#### [Task instructions]
Among the entries that follow, locate the line with "Foto 2 de Terreno" and the line with "Desfile de la". Output those lines and all lines in between, exactly, minus the pictures.

#### [Stored data]
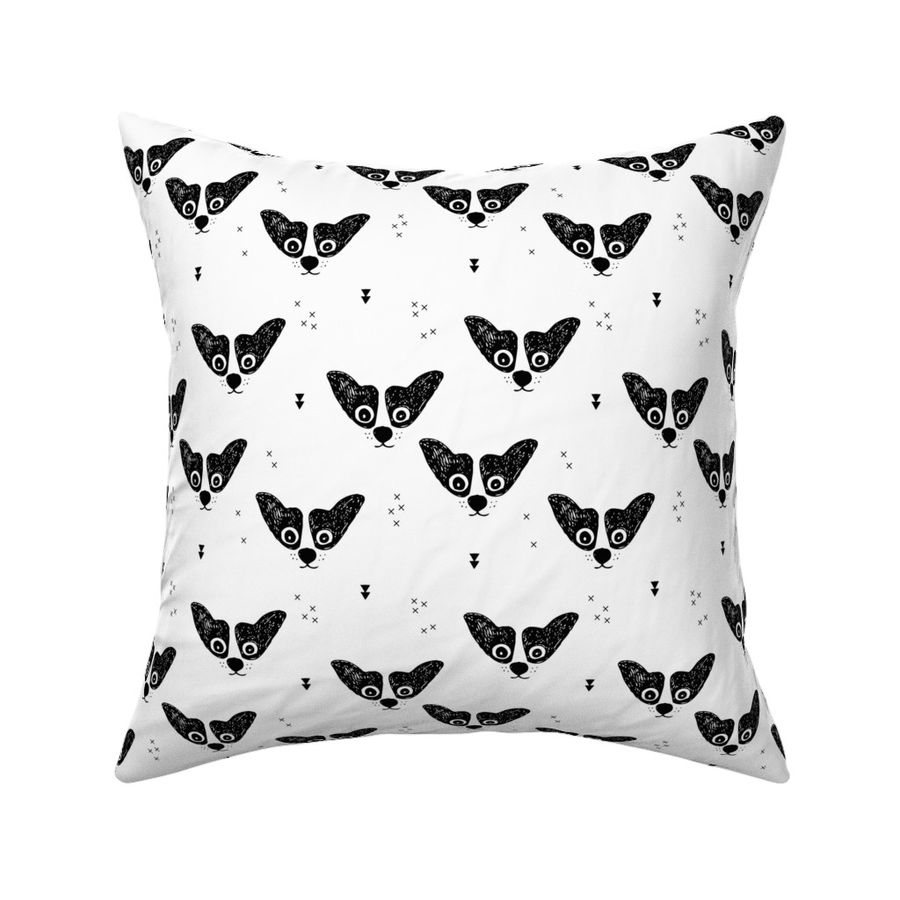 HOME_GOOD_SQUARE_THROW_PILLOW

==

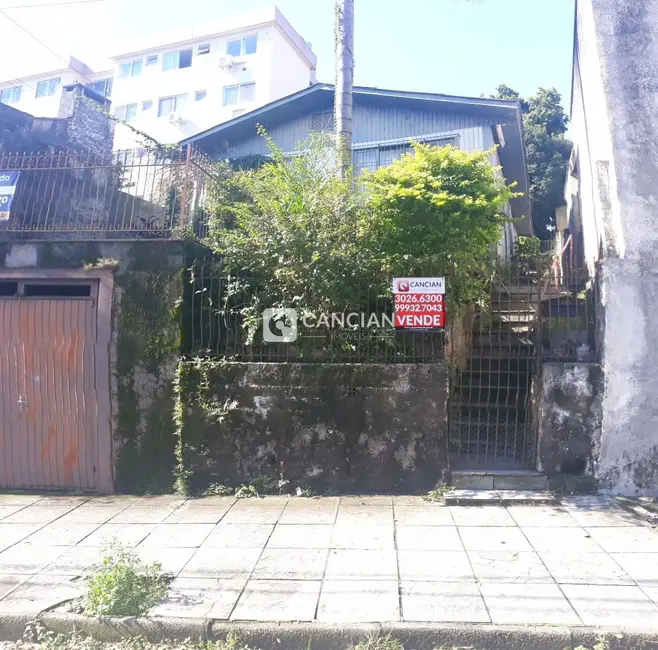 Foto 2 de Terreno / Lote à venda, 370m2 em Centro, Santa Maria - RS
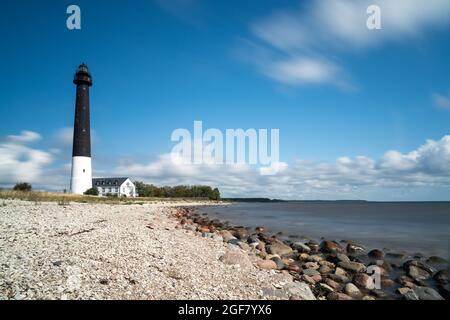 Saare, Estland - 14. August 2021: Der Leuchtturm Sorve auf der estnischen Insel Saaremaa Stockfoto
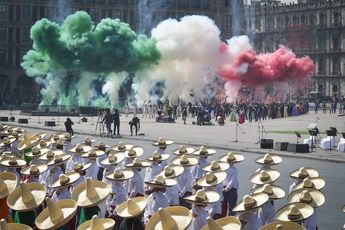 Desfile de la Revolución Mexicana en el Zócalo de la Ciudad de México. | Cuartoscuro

==

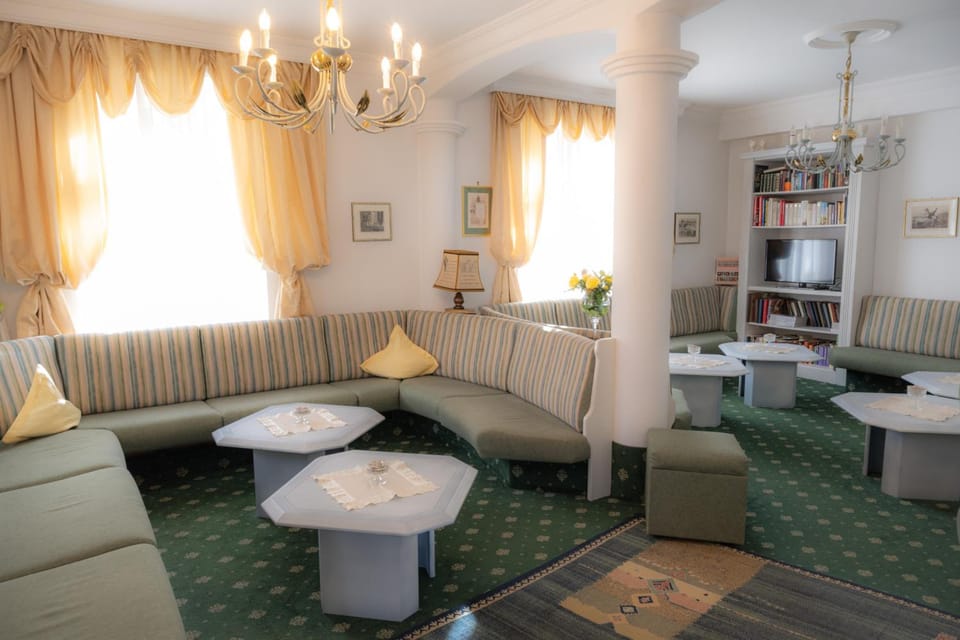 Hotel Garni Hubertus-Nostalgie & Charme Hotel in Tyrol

#### [Task answer]
 Foto 2 de Terreno / Lote à venda, 370m2 em Centro, Santa Maria - RS
 Saare, Estland - 14. August 2021: Der Leuchtturm Sorve auf der estnischen Insel Saaremaa Stockfoto
 Desfile de la Revolución Mexicana en el Zócalo de la Ciudad de México. | Cuartoscuro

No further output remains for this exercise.